Providers also fear that physicians might not support a shift in compensation makeup.
“The most highly-compensated physicians are typically those who are productive. A lot of physicians are being asked to do more for the same compensation,” Kaplan said.
Those fears are real: Kaplan said that value-based incentives that focus on quality and cost management could encourage a reduction in productivity. Also, physicians could become dissatisfied if there’s a risk that their pay may be cut.
“New plans can be perceived as unfair, inequitable or too complex,” Kaplan said. “It’s also difficult to quantify and reflect quality improvements in valuation.”
Trends in physician compensation include pay models where value-based incentives are a larger part of base pay, with less emphasis on volume-based incentives. Currently, value-base incentives represent less than 10% of physician compensation, according to Kaplan.
“Providers agree that physician compensation models should place less emphasis on volume and more on value, to align physician behavior with new revenue models,” Kaplan said.
Most physicians receive a salary comprised of 80% base pay, and 20% volume-based incentives. Kaplan says that soon, physicians could be receiving 80% of their compensation as a base pay, and 20% of their pay from incentives. Those incentives could vary, and include pay for performance, value- and volume-based pay.

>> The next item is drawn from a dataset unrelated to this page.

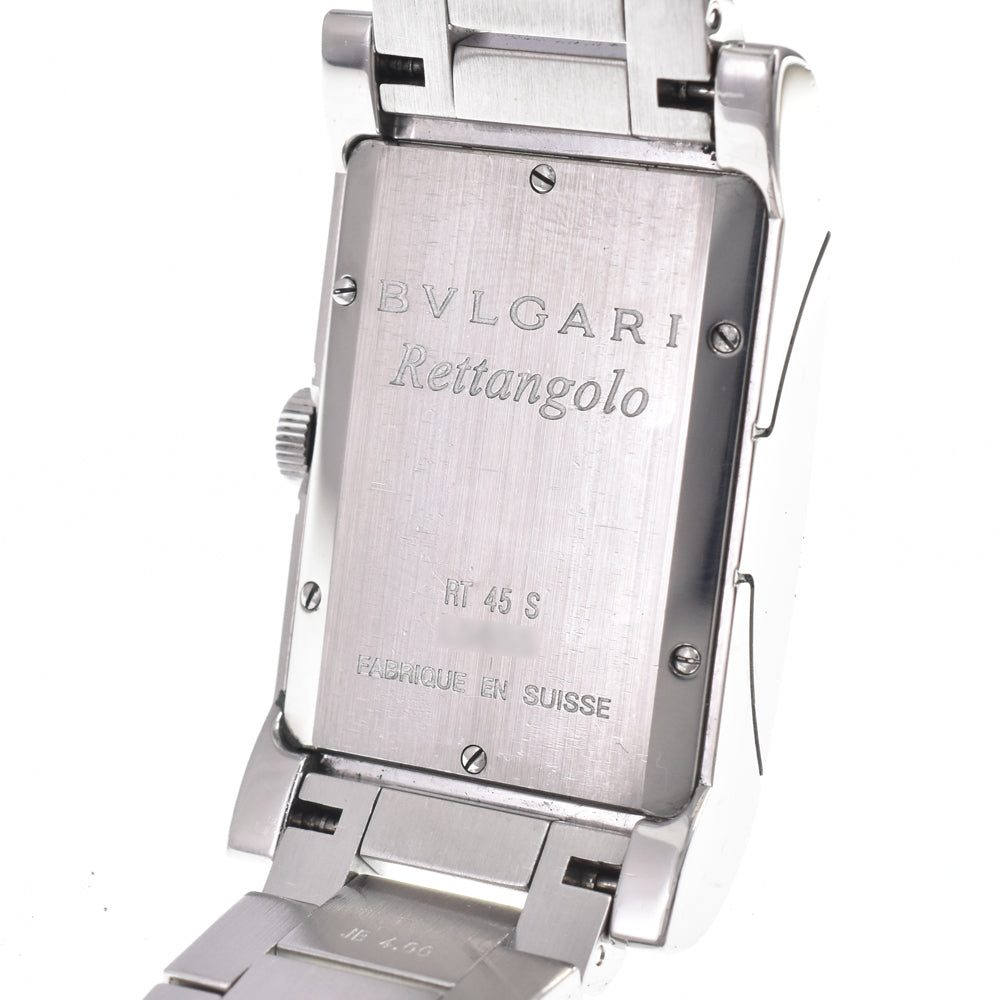 BVLGARI Rettangoro RT45S white Dial Automatic Men's
 Watch O#150124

Kaplan said that revamping physician compensation is not just about what’s trending. Payment model designs have to fit with the objectives and challenges of a healthcare organization. Important questions to ask before altering compensation models include:
How do we measure performance?
What are the organizational and payer metrics?
How should incentives be paid?
What is the impact on physicians?
Is compensation consistent with fair market value?
Incorporating physicians during the planning of new payment models helps makes the transition to those models easier, Kaplan said. That transition includes simulating new pay models to understand the impact, and identify winners and losers to make necessary adjustments.
“Bottom line, it’s generally best to transition,” Kaplan said, adding that there are many options for phasing in new plans. She suggested starting with a single specialty or department, and letting physicians decide if they want to be a part of the plan. Organizations can also phase in new payment models over time, minimize risk for the first few years, or run new payment models as a “shadow program” for a year.